> **EXERCISE**:
Reproduce word for word, from the entries below, the line with "编程软件手机版黑客下载_编程软件手机版黑客", the line with "Safkan Ayi Surat Bri̇tti̇sh Shorthai̇r", and every line between them, and nothing more.

(Crawled caption data)
···

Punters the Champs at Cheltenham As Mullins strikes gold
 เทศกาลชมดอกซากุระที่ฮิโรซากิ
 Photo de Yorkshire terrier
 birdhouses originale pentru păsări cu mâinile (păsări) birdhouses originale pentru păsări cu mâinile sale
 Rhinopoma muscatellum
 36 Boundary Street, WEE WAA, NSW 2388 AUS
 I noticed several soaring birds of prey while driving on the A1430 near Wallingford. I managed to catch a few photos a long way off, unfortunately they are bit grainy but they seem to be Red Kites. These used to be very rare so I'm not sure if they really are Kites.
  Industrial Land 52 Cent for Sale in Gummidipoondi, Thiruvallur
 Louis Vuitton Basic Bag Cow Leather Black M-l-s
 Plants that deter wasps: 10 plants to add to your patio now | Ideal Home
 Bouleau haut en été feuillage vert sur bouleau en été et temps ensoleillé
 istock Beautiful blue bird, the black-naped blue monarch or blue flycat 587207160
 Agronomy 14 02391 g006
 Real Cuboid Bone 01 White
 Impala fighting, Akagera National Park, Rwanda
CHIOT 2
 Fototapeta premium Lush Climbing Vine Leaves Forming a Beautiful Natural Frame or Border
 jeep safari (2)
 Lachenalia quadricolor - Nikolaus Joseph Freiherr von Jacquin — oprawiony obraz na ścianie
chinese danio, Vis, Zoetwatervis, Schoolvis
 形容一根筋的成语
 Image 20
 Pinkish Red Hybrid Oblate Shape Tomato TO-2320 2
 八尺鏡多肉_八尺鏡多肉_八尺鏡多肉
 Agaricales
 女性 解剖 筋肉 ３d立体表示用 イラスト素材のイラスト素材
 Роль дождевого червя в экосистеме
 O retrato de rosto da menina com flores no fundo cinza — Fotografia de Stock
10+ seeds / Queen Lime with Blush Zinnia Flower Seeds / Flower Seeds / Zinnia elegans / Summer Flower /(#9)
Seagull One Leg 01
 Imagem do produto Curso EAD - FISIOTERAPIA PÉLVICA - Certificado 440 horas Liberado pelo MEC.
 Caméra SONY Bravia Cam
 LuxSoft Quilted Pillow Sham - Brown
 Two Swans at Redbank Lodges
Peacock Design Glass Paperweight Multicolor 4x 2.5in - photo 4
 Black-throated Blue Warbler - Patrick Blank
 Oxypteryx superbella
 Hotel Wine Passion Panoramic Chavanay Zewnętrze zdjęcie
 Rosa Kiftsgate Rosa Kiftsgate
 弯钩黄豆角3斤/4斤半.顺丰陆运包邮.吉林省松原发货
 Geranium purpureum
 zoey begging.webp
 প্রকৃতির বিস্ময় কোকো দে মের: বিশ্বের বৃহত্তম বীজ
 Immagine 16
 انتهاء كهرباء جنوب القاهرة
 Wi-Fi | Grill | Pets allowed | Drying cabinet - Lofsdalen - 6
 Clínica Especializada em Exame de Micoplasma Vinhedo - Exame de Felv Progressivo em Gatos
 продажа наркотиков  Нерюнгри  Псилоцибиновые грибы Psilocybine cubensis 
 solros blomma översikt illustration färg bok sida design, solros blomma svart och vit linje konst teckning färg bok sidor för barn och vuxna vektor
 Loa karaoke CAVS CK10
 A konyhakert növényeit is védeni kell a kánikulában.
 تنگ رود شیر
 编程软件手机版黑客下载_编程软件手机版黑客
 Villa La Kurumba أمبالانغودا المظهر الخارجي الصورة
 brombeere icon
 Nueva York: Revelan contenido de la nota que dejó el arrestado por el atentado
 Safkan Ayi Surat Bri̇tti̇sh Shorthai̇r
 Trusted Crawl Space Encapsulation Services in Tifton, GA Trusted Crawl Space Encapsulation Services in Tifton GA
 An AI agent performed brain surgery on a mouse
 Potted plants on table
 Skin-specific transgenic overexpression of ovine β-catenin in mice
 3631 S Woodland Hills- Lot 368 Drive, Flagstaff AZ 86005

···

> **ANSWER SECTION**:
 编程软件手机版黑客下载_编程软件手机版黑客
 Villa La Kurumba أمبالانغودا المظهر الخارجي الصورة
 brombeere icon
 Nueva York: Revelan contenido de la nota que dejó el arrestado por el atentado
 Safkan Ayi Surat Bri̇tti̇sh Shorthai̇r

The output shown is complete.